Enfin, Hegon remonta à pas lents vers ses compagnons. Il les avait à peine rejoints qu’un grondement formidable retentit vers l’est. A une distance d’au moins une demi-marche, le Fléau avait repris son entreprise dévastatrice, et la terre flambait de nouveau.

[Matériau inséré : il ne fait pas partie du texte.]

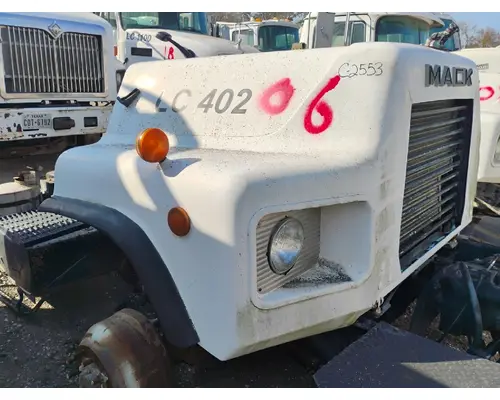 MACK DM690S Hood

Le premier moment de surprise passé, des cris de victoire retentirent. Le Loos’Ahn ne revenait jamais en arrière. Ils étaient sauvés ! Aux yeux de tous les caravaniers, il ne faisait aucun doute que le monstre avait cessé de souffler devant la détermination d’Hegon. Il était celui qui avait défié le Grand Dragon et l’avait fait reculer. Tout le monde courut vers lui pour le féliciter, le remercier. Les femmes se jetèrent à ses pieds, ses warriors se frappèrent la poitrine en cadence pour lui prouver leur attachement et leur admiration. Roxlaàn le serra dans ses bras avec sa brutalité coutumière.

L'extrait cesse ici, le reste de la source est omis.